— Task statement —
Every entry needs to be written out again exactly, with its pictures removed.

— Data for this exercise —
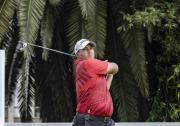 Golf: boliviano Sameja ocupa el décimo tercer lugar en Lima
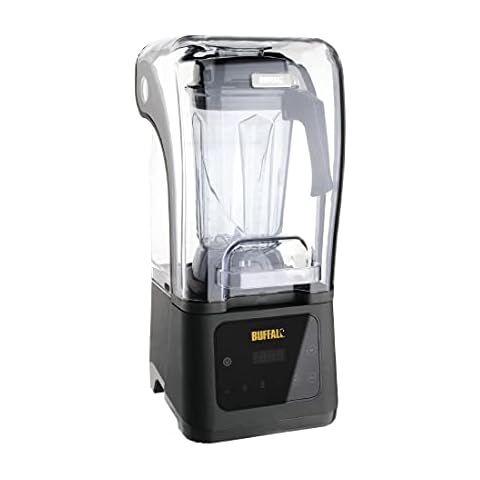 Buffalo Digital Bar Blender with Sound Enclosure Cover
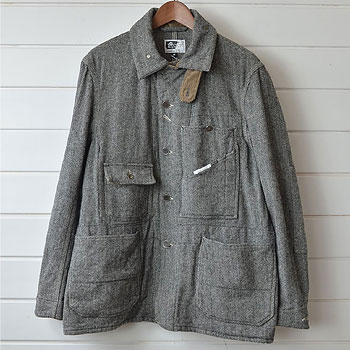 ENGINEERED GARMENTS｜Railroader レイルロードジャケット｜買取査定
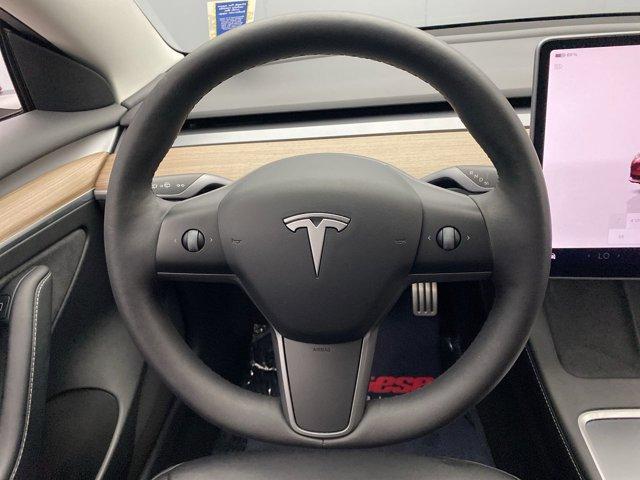 used 2022 Tesla Model 3 car, priced at $27,990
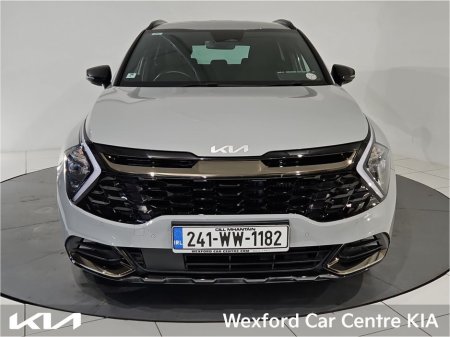 2024 Kia Sportage Anniversary Edition Plug-in Hybrid €39,895 thumbnail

— Exercise answer —
 Golf: boliviano Sameja ocupa el décimo tercer lugar en Lima
 Buffalo Digital Bar Blender with Sound Enclosure Cover
 ENGINEERED GARMENTS｜Railroader レイルロードジャケット｜買取査定
 used 2022 Tesla Model 3 car, priced at $27,990
 2024 Kia Sportage Anniversary Edition Plug-in Hybrid €39,895 thumbnail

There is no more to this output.